The team’s skill set is varied and robust. Most have had experience with mainframe
application development and business analytics in a data warehouse environment.
The data architect ensures that the central repository is optimized for more
general use with other applications.
EDC’s strategy for business intelligence and data warehousing was developed
and approved in early 2001. The team then set out to build the infrastructure
to support the data warehouse while simultaneously working on two other data
mart developments. The infrastructure for the data warehouse and two data marts
were delivered in November 2002. Since then, the team has delivered four more
data marts and continues to work on developing others.

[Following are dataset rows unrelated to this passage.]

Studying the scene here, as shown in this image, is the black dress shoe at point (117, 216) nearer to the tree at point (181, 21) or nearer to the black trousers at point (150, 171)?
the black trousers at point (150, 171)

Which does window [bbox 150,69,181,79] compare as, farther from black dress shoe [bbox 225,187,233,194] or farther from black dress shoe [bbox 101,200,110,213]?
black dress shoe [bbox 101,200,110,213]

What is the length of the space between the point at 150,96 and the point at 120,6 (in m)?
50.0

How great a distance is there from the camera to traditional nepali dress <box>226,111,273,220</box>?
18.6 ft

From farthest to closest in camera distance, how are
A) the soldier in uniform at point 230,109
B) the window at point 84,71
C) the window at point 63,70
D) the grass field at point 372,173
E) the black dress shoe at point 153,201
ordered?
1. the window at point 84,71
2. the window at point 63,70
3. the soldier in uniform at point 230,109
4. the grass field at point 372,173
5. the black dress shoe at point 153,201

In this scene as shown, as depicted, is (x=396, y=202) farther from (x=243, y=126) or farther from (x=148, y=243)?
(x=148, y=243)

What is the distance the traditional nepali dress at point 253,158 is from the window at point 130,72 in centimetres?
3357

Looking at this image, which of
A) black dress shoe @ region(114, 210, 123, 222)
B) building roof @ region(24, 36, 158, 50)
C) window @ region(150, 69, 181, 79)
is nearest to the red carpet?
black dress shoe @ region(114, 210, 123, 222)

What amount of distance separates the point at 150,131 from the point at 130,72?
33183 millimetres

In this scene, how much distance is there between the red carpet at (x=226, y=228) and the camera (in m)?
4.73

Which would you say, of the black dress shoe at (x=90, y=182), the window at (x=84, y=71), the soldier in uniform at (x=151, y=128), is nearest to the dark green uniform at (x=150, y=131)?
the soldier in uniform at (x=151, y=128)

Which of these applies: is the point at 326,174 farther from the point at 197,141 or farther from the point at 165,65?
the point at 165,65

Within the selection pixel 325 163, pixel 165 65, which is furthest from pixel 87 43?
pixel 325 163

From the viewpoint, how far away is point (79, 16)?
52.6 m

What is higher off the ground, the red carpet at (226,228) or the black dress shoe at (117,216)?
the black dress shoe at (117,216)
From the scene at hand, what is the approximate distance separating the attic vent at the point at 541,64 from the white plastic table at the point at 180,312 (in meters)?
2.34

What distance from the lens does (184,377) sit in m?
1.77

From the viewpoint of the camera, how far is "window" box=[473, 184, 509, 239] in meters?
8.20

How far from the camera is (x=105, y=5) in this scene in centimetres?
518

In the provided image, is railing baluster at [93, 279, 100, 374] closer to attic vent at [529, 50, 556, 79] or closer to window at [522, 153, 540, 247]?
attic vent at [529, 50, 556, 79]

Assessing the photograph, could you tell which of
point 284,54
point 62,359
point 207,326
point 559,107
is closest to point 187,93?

Based on the strategy that was approved in 2001, EDC has actually delivered
more than was first anticipated. During the period from when the strategy was
initially approved by executives in 2001 until today, each initiative has been
handled under its own business case with its own business plan, and in every
instance, the objectives have been met.
As noted in the answer to question II.a, the implementation has been a resounding
success. Indeed, the process could be used as a blueprint for future IT implementations
at EDC. As one team member shared, this is the only time during the 30 years
of experience of the development team that the strategy was articulated and
then adhered to at a 90 percent level. The fundamental thrust and directions
guided the evolution of all the data marts and architecture from the beginning,
and now in 2005, EDC has achieved the majority of what it set out to do. This
is a great example of congruence between a strategic objective and its realization.